While retrieval identifies the correct context, prompt assembly converts it into a governed input for the model. This step is a critical control point where token budgets are enforced, conflicting sources are resolved, and system prompt integrity is maintained.
Key Takeaways
- • Prompt assembly is a governance layer, not a formatting step.
- • Token budget decisions are policy decisions; define them explicitly.
- • System prompts are versioned, owned assets. Treat them accordingly.
Prompt assembly flow
Context components are assembled under budget and conflict controls before reaching the model.
Context window composition
The prompt is not a single block of text. It has distinct sections with different governance requirements. Define each section explicitly and assign ownership and versioning accordingly.

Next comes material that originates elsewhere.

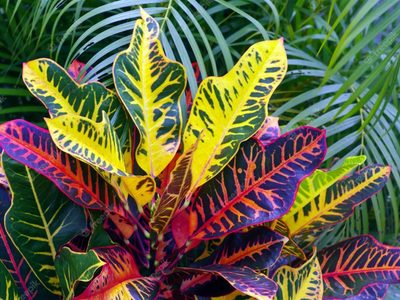 Crotón: cómo cuidar esta hermosa planta tricolor que puede sobrevivir en interior y exterior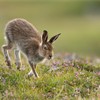 Mountain Hare (Lepus timidus) adult in summer pelage running across heather moorland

| Section | Content | Owner | Governance |
|---|---|---|---|
| System prompt | Role, behaviour, policy rules | Platform / AI team | Versioned, change-controlled |
| Policy context | User role, purpose, allowed domains | Policy engine | Injected at runtime, not hardcoded |
| Retrieved context | Ranked chunks from index | Context pipeline | Classified, conflict-checked |
| Conversation history | Prior turns (if multi-turn) | Session manager | TTL-bounded, PII-minimised |
| User query | Current user input | User | Sanitised before injection |
Token budget management
Token limits force trade-offs. Without explicit prioritisation rules, assembly code will make those trade-offs implicitly; often in ways that harm quality or safety.
Allocation strategy
- → Reserve a fixed budget for system prompt and policy context; never trim these
- → Allocate remaining budget to retrieved context, ranked by relevance score
- → Reserve a minimum budget for the response: don't fill the window entirely with context
- → Define trim strategy explicitly: drop lowest-ranked chunks, not arbitrary truncation
Budget per section (example)
system_prompt: reserved ~10%
policy_context: reserved ~5%
retrieved_chunks: up to ~55%
history: up to ~15%
user_query: reserved ~5%
response_budget: reserved ~10%
Conflicting sources in context
When two retrieved chunks contradict each other (e.g., different policy versions, inconsistent metrics), the model will blend or choose arbitrarily without guidance. Define a conflict resolution strategy.
Prefer newest
When: When freshness is the primary quality dimension (e.g., policies, prices)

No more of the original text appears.